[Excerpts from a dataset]
== == ==
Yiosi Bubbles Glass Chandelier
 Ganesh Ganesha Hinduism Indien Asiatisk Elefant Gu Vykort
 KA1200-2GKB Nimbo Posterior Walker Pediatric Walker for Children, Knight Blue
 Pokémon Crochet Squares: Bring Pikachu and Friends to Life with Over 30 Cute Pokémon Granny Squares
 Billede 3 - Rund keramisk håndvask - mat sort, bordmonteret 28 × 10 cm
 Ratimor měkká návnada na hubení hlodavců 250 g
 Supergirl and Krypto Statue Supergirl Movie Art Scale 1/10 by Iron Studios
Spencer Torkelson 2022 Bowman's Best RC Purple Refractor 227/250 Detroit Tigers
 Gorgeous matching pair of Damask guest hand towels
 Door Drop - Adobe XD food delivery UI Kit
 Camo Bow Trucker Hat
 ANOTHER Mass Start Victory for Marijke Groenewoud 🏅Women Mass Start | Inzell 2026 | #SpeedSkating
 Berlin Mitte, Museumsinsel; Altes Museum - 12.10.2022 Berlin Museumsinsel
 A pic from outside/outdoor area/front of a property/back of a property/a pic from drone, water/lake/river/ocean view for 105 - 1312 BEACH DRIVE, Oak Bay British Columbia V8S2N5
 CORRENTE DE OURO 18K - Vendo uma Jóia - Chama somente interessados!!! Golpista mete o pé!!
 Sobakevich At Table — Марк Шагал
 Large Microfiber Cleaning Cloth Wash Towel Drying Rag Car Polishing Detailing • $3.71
== == ==
Copy out, word for word, the part of the entries above that begins at the line with "KA1200-2GKB Nimbo Posterior" and ends at the line with "A pic from outside/outdoor", including both.

§ Solution to this task:
 KA1200-2GKB Nimbo Posterior Walker Pediatric Walker for Children, Knight Blue
 Pokémon Crochet Squares: Bring Pikachu and Friends to Life with Over 30 Cute Pokémon Granny Squares
 Billede 3 - Rund keramisk håndvask - mat sort, bordmonteret 28 × 10 cm
 Ratimor měkká návnada na hubení hlodavců 250 g
 Supergirl and Krypto Statue Supergirl Movie Art Scale 1/10 by Iron Studios
Spencer Torkelson 2022 Bowman's Best RC Purple Refractor 227/250 Detroit Tigers
 Gorgeous matching pair of Damask guest hand towels
 Door Drop - Adobe XD food delivery UI Kit
 Camo Bow Trucker Hat
 ANOTHER Mass Start Victory for Marijke Groenewoud 🏅Women Mass Start | Inzell 2026 | #SpeedSkating
 Berlin Mitte, Museumsinsel; Altes Museum - 12.10.2022 Berlin Museumsinsel
 A pic from outside/outdoor area/front of a property/back of a property/a pic from drone, water/lake/river/ocean view for 105 - 1312 BEACH DRIVE, Oak Bay British Columbia V8S2N5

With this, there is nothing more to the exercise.